[Available data]:
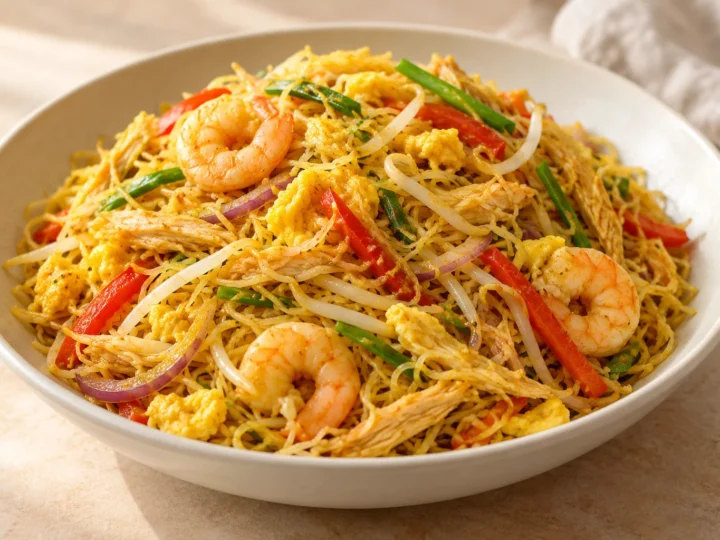 Singapore-style rice noodles served ready to eat.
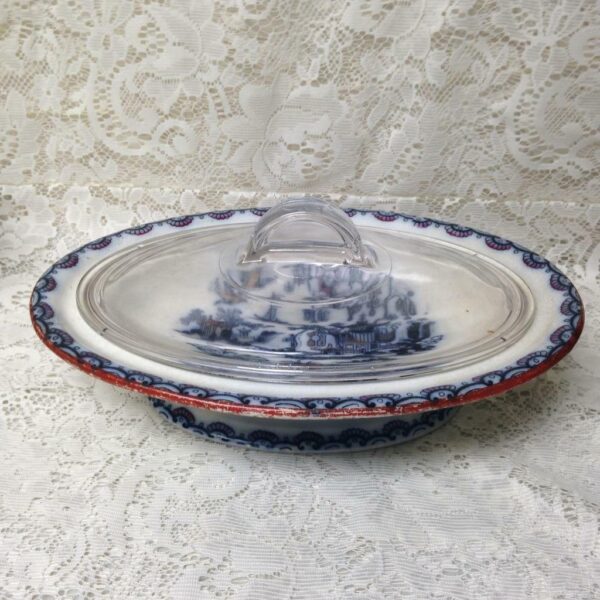 Antique, Flow Blue , Variant Gaudy Willow, E.M. Co., England, Soup Bowl-Tureen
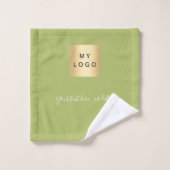 Logo commercial de la société de texte vert jaune (Gant de toilette)
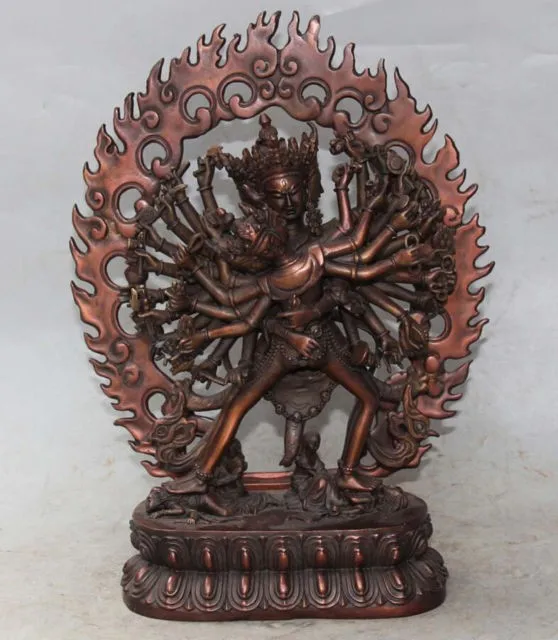 

decoration brass factory Pure Brass Antique Old Tibetan Buddhism copper drive the evil auspicious statue ,to ward off bad luck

[Work task]: Please retype the material in full, exactly as it reads, apart from the images.

[Answer box]:
 Singapore-style rice noodles served ready to eat.
 Antique, Flow Blue , Variant Gaudy Willow, E.M. Co., England, Soup Bowl-Tureen
 Logo commercial de la société de texte vert jaune (Gant de toilette)

decoration brass factory Pure Brass Antique Old Tibetan Buddhism copper drive the evil auspicious statue ,to ward off bad luck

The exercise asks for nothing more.